Ender was chosen by the International Fleet for Battle School because of how he handled the bully. I can't find the exact wording from the movie script, but the scene does exist in the movie. From the novel, when Colonel Graff interviews Ender after his fight with the bully:
[Graff] "Tell me why you kept on kicking him. You had already won."
[Ender] "Knocking him down won the first fight. I wanted to win all the next ones, too. So they'd leave me alone." Ender couldn't help it, he was too afraid, too ashamed of his own acts; though he tried not to, he cried again.
When Ender fights the Formics and destroys them, we see his reasoning - though he does not know at the time he is actually fighting them. He thinks he is just breaking a simulation. But Ender does explain a little of his tactics to Valentine before he goes to command school (in the film, this also exists, though I believe the conversation takes place slightly differently):
"I think it's impossible to really understand somebody, what they want, what they believe, and not love them the way they love themselves. And then, in that very moment when I love them...I destroy them. I make it impossible for them to ever hurt me again. I grind them and grind them until they don't exist."

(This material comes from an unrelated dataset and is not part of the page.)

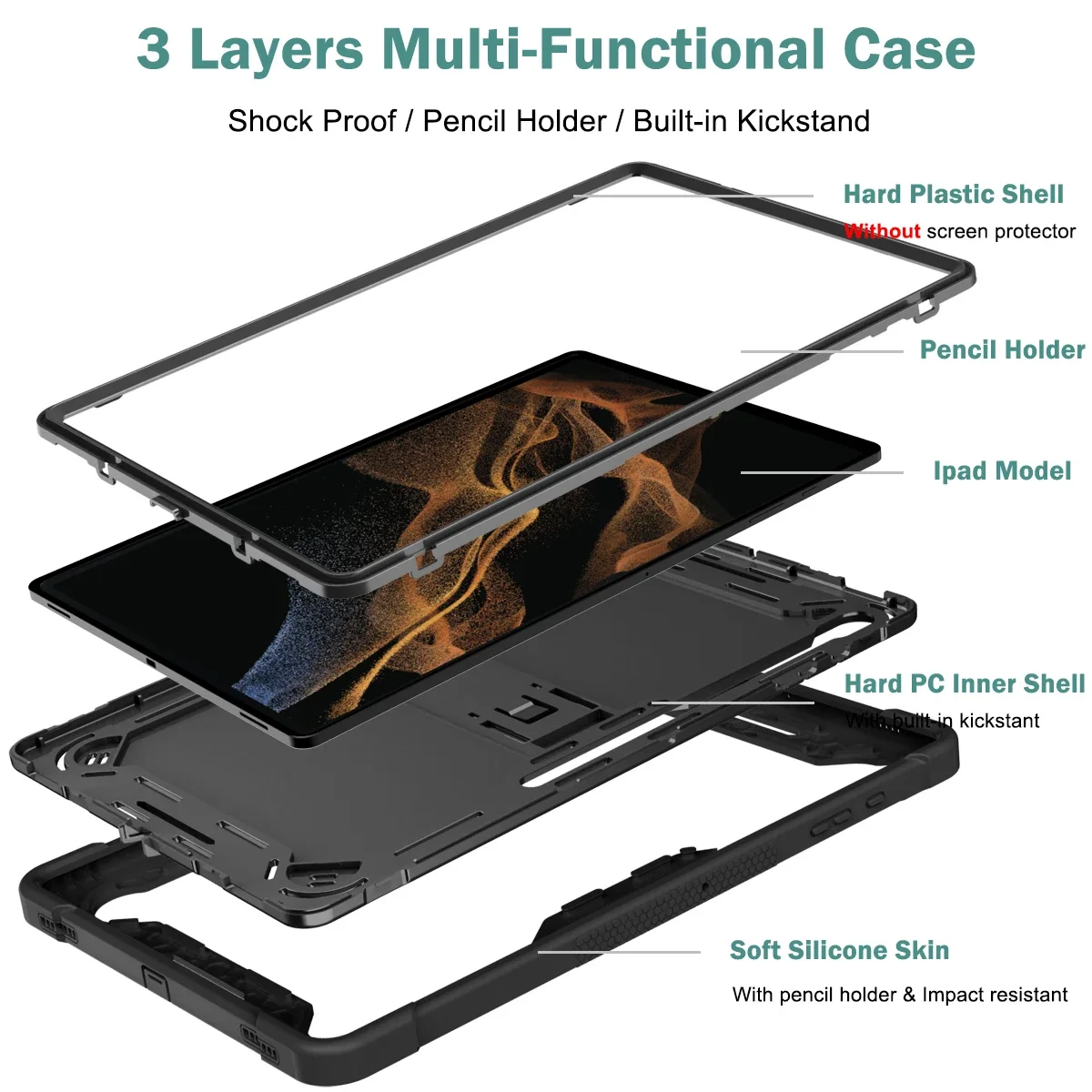 Tablet Cover for Samsung Galaxy Tab S8 Ultra 2022 S9 Ultra 2023 14.6 Inch Case with Pencil Holder Funda for S7 FE/Plus S8 Plus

The novel is very much about the character of Ender, and if you read the entire Ender quartet (Speaker for the Dead especially), you see what the xenocide did to Ender. Ender very much wants peace, he's not an aggressive person, but he will do whatever it takes to win. He is very angry at being used by the I.F. Command (tricked, really), and you can see this in his talking to Graff before he leaves for Command School.

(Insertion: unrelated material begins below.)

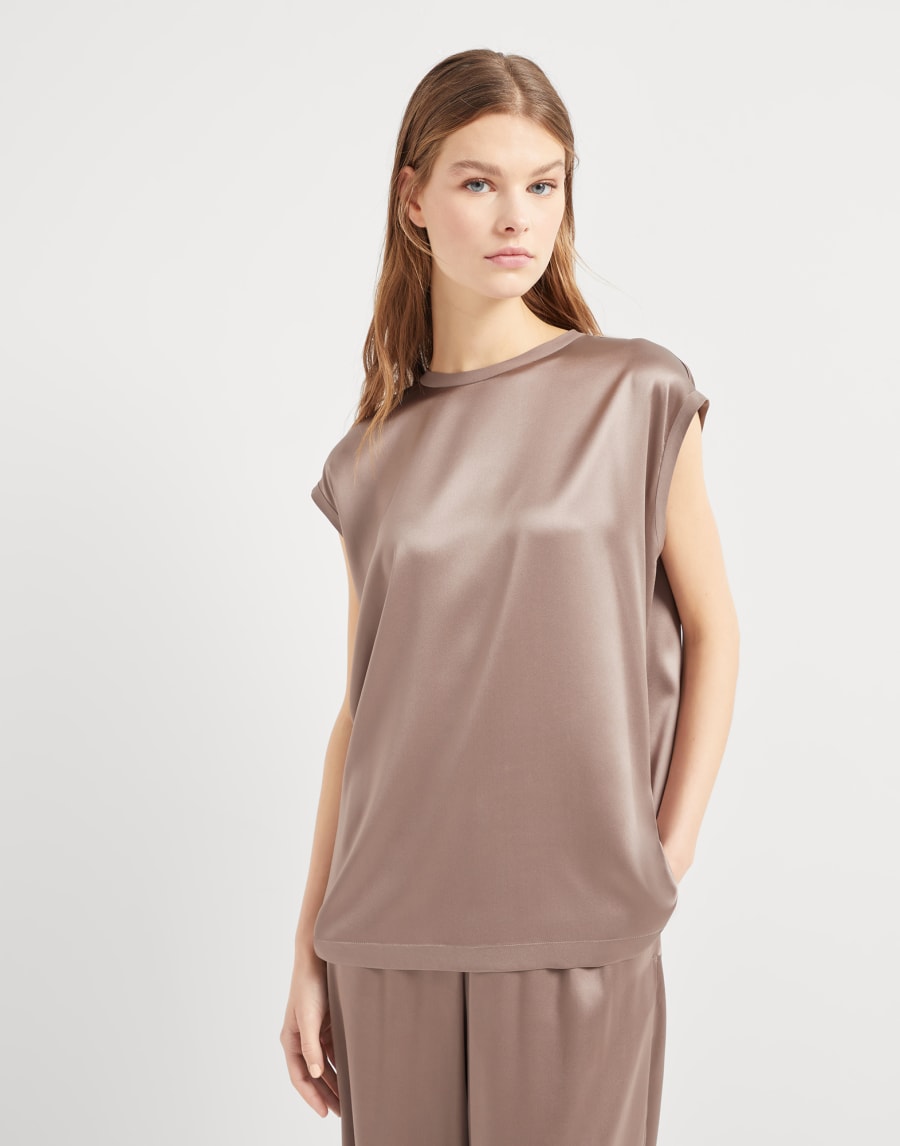 Satin T-shirt Cocoa Woman - Brunello Cucinelli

[Graff] "We used every means we could think of to communicate with them, but they don't even have the machinery to know we're signaling. And maybe they've been trying to think to us, and they can't understand why we don't respond."
[Ender] "So the whole war is because we can't talk to each other [...] What if we just left them alone? [...] Maybe they didn't know we were intelligent life. Maybe-"

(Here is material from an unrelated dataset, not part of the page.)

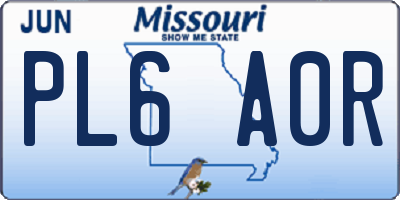 MO license plate PL6A0R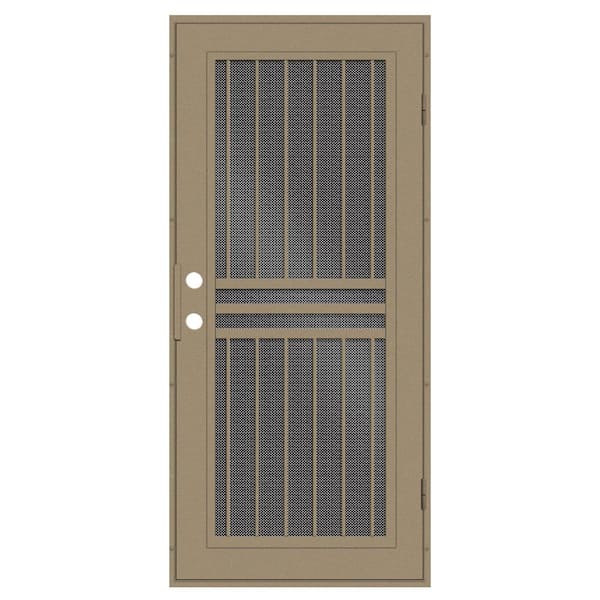Unique Home Designs Plain Bar 30 in. x 80 in. Left Hand/Outswing Desert Sand Aluminum Security Door with Black Perforated Screen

[Graff] "Ender, believe me, there's a century of discussion on this very subject. Nobody knows the answer. [...] Nature can't evolve a species that hasn't a will to survive. [...] So if we can we'll kill every last one of the buggers, and if they can they'll kill every last one of us."
"As for me," said Ender, "I'm in favor of surviving"
But what happens after shows the character of Ender, and I believe that's the real center point of the development of Ender's Character (major spoilers for the rest of the Ender quartet).
Ender goes on to find a new Formic Queen larva and is able to communicate with it over many years. In the end, he does find a place for them to re-establish their society and no longer being 'extinct'. Ender sees this search, which takes hundreds of years counting all the time spent at relativistic speeds searching for a suitable place, as his duty since he is the one who caused the Xenocide. Through his writings, called The Hive Queen and The Hegemon, Ender brings awareness to the fact that much of the war was caused simply by not being able to speak to each other. And that is the central thrust of his work as Speaker for the Dead - to bring out the truth, and to make sure everyone is understood.